* Assigned task
What should be copied is the stretch of entries below from the line with "2-Chloro-3-((2-fluorophenyl)amino)cyclohex-2-EN-1-one" up to and including the line with "Foto años 90 estilo anuario con IA", exactly and without images.

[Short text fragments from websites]
-*-*-
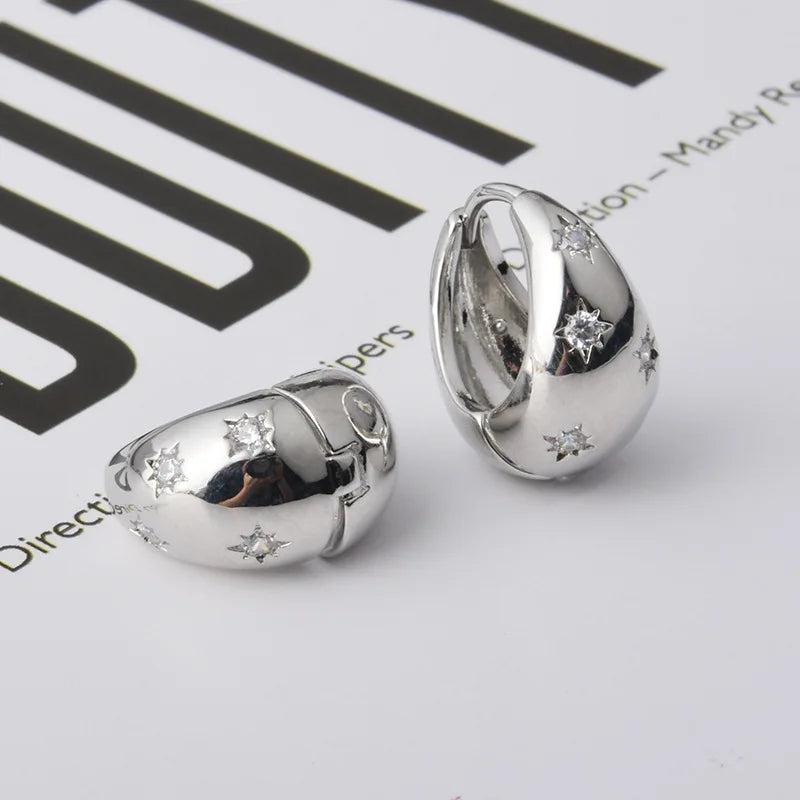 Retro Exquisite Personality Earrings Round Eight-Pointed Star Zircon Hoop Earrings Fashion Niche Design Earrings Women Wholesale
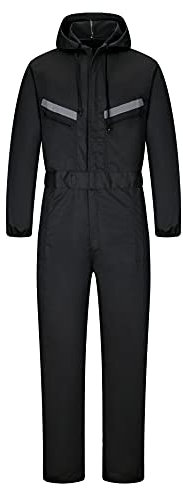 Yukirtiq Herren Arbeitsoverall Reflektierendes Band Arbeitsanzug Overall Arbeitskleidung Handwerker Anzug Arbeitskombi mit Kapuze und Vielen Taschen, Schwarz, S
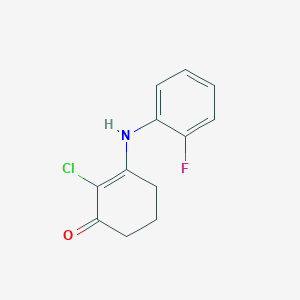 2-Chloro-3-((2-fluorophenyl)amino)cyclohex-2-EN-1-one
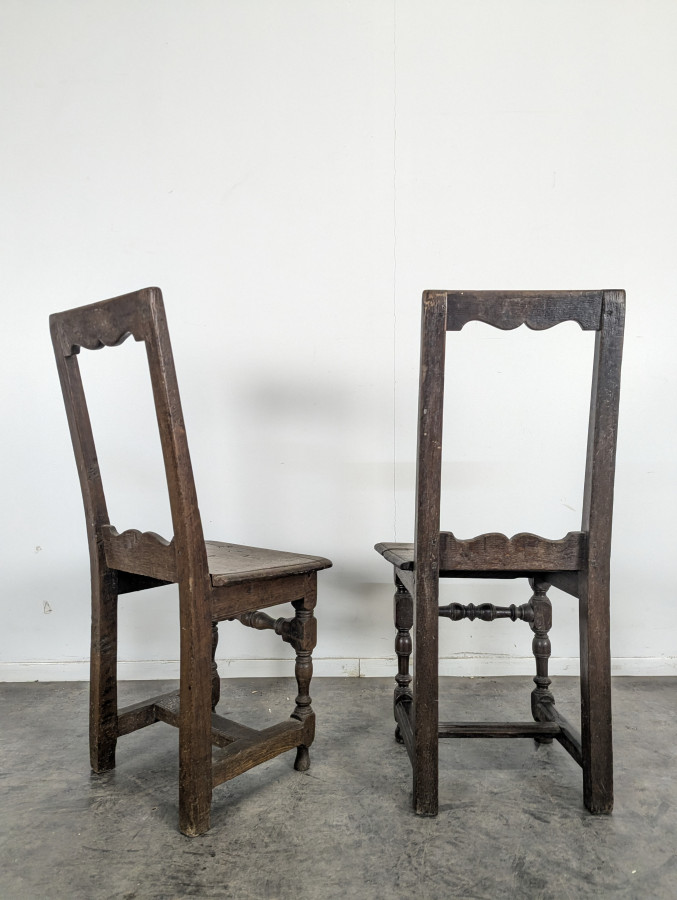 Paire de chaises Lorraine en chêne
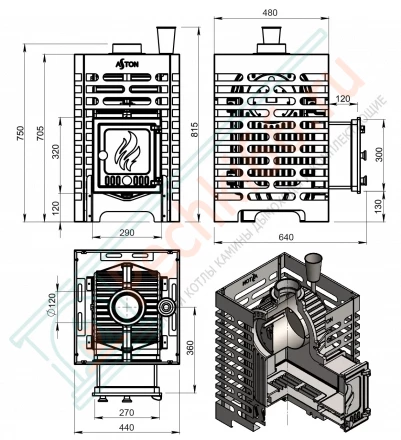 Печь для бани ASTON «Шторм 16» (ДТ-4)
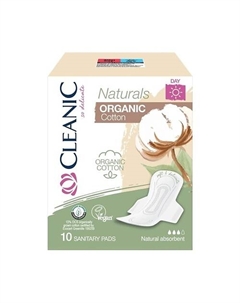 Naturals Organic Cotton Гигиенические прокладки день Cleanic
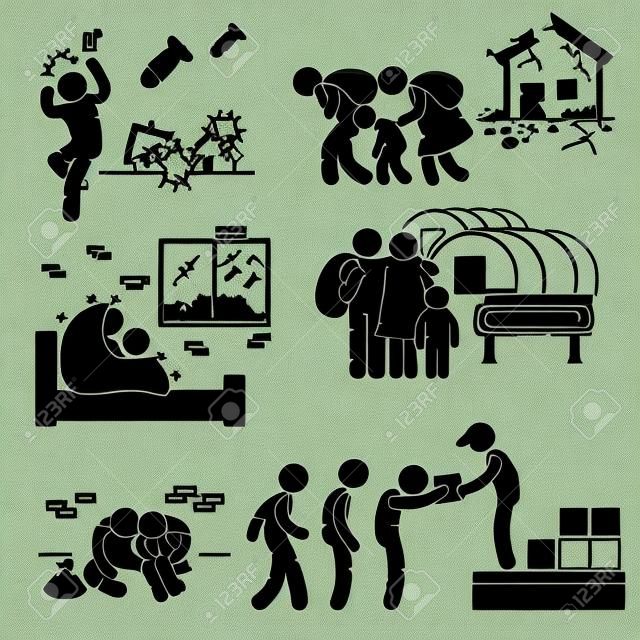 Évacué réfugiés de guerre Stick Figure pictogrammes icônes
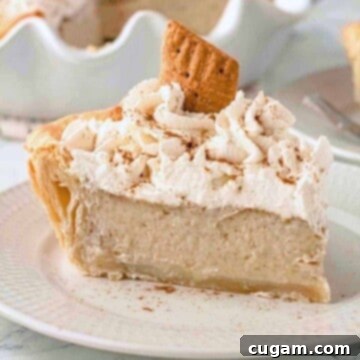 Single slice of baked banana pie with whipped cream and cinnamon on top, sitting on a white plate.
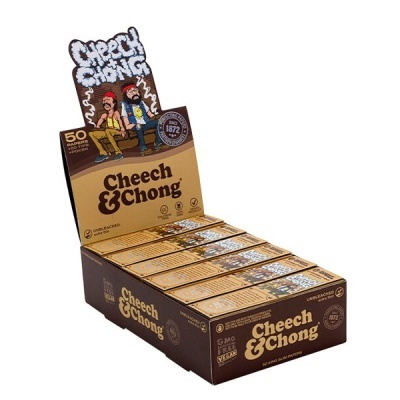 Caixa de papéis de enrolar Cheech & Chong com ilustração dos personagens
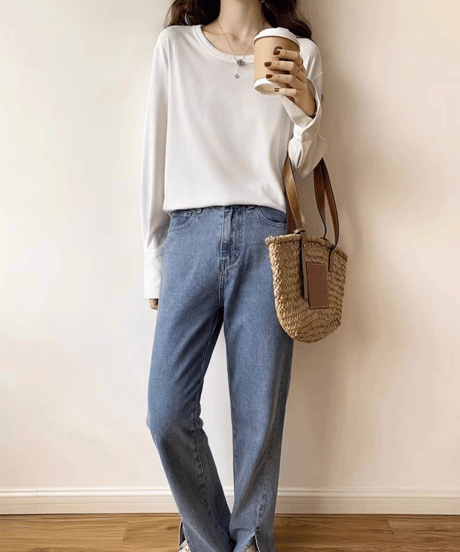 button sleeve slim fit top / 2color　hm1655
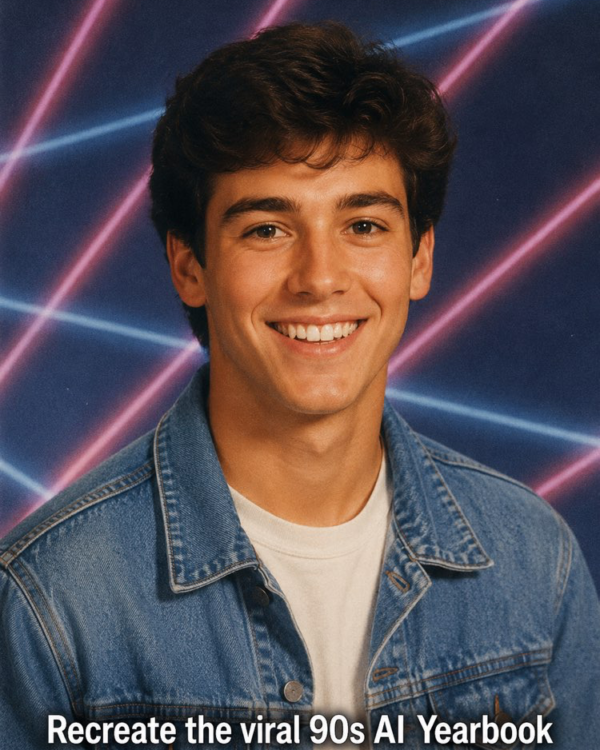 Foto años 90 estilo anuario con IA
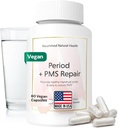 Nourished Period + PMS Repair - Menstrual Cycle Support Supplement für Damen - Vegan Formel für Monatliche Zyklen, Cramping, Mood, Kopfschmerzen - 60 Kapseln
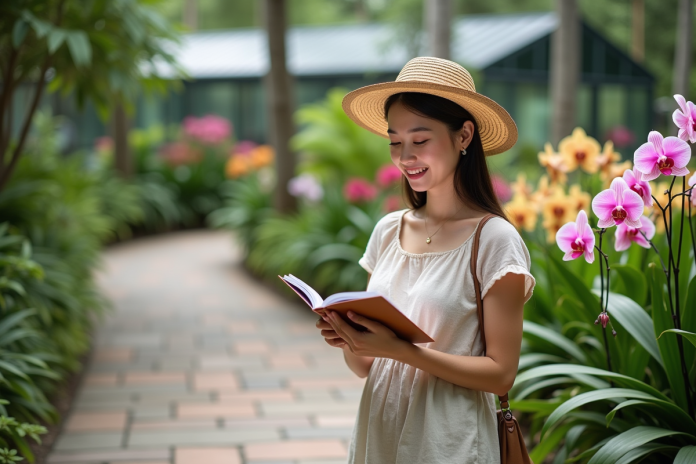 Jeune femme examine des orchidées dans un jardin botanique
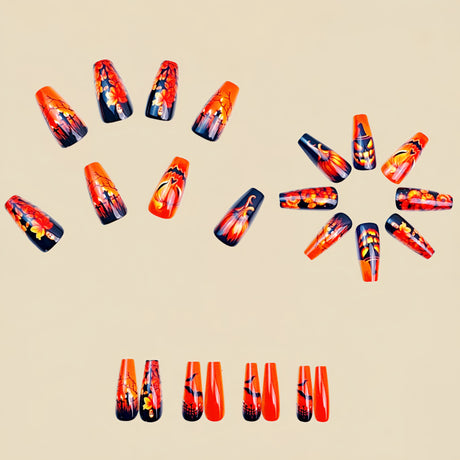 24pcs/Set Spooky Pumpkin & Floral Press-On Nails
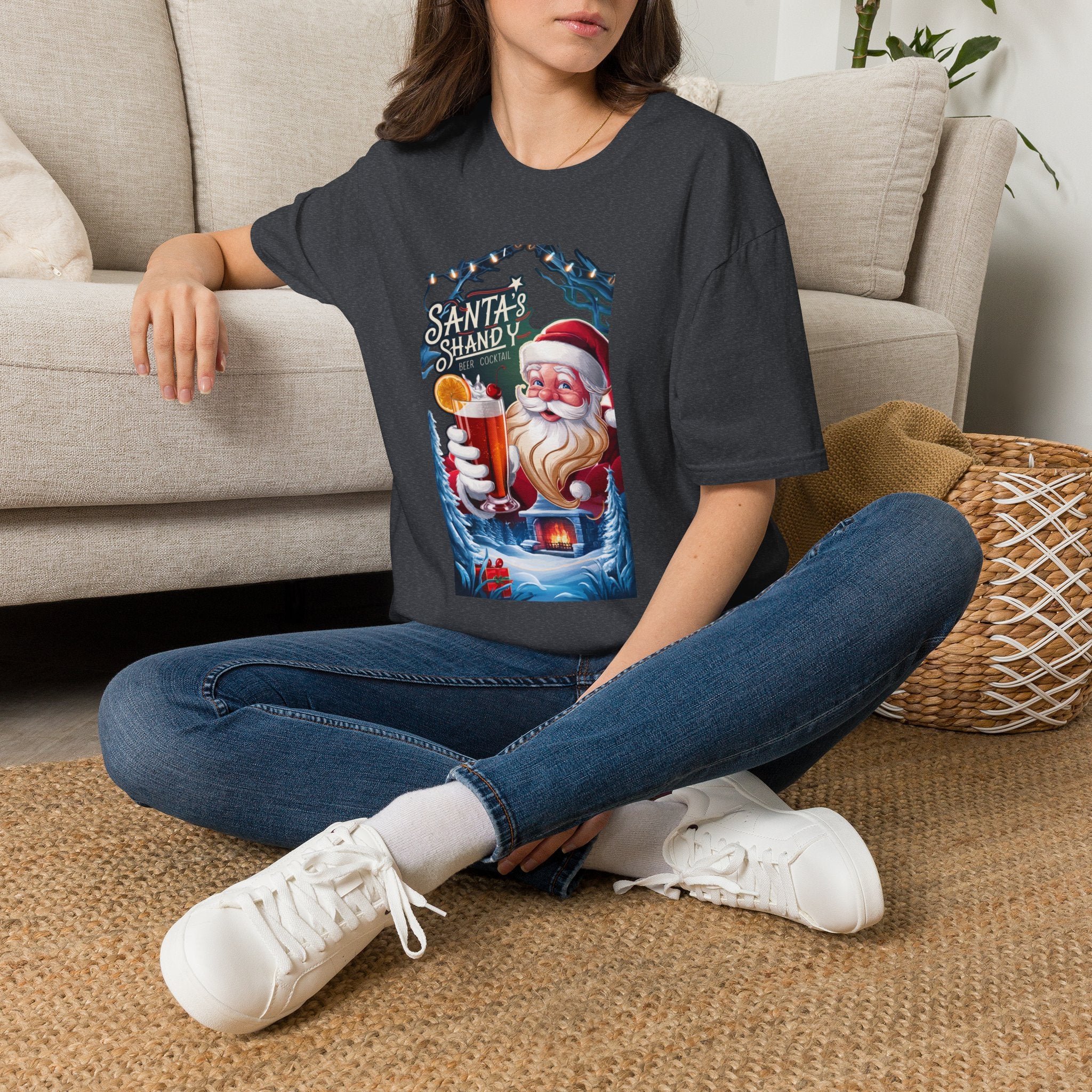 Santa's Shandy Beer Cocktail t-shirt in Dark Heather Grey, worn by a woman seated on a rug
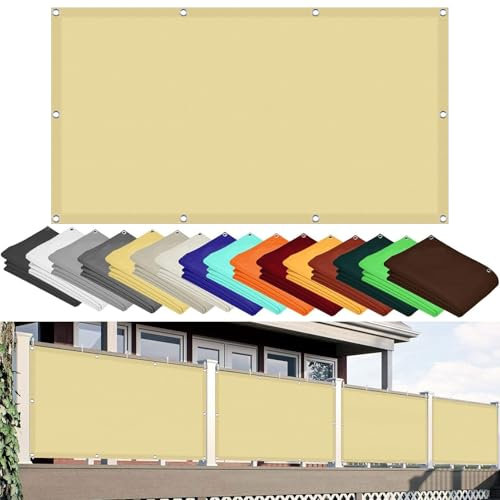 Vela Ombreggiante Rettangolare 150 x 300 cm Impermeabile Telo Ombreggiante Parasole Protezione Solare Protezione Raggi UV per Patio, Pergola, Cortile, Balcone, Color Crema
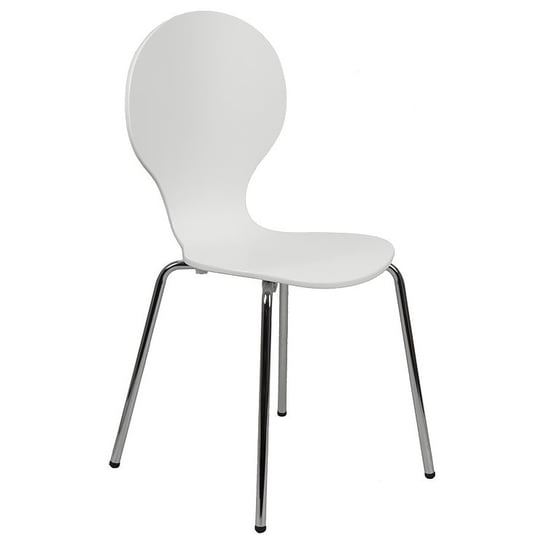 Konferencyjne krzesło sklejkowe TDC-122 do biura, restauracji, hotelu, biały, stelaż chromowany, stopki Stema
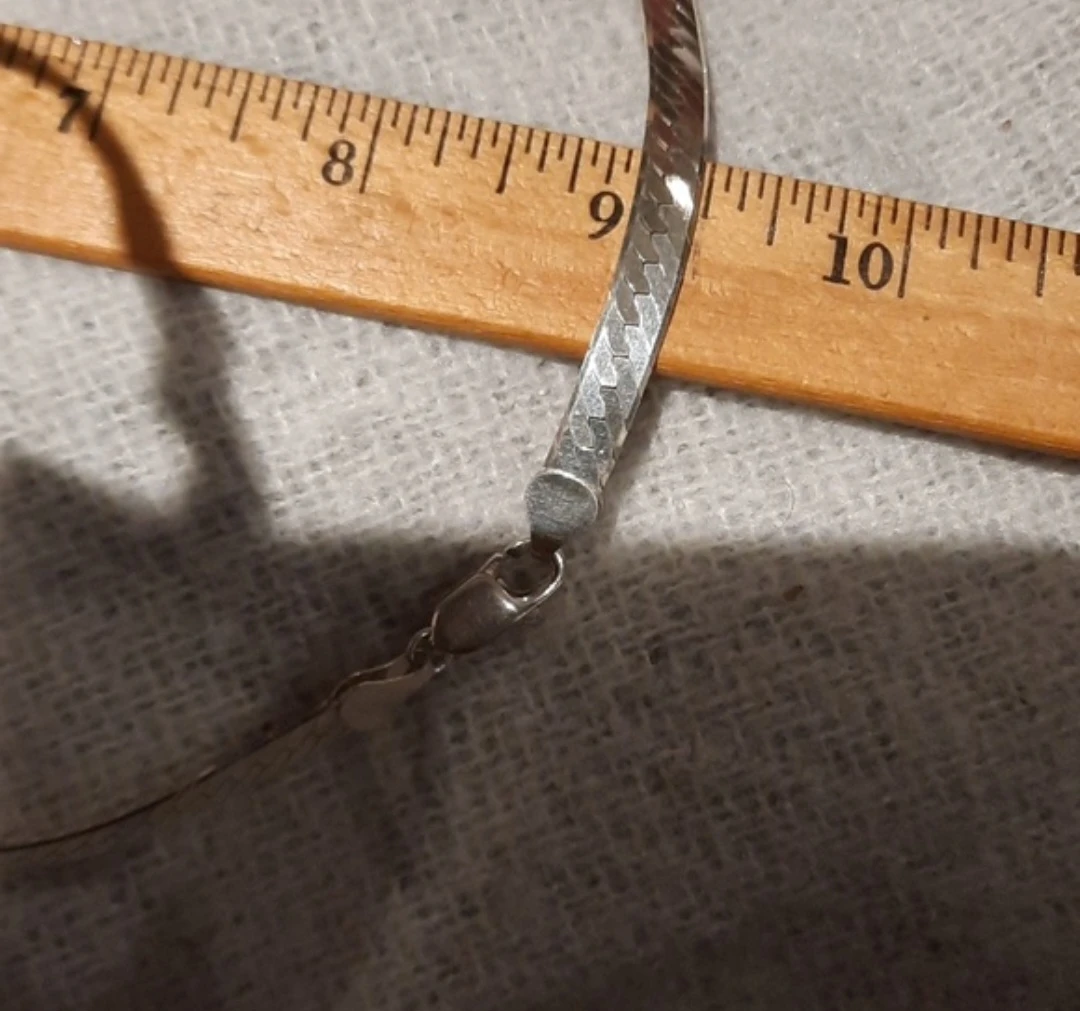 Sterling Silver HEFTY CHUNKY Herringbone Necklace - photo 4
-*-*-
* Written answer
 2-Chloro-3-((2-fluorophenyl)amino)cyclohex-2-EN-1-one
 Paire de chaises Lorraine en chêne
 Печь для бани ASTON «Шторм 16» (ДТ-4)
 Naturals Organic Cotton Гигиенические прокладки день Cleanic
 Évacué réfugiés de guerre Stick Figure pictogrammes icônes
 Single slice of baked banana pie with whipped cream and cinnamon on top, sitting on a white plate.
 Caixa de papéis de enrolar Cheech & Chong com ilustração dos personagens
 button sleeve slim fit top / 2color　hm1655
 Foto años 90 estilo anuario con IA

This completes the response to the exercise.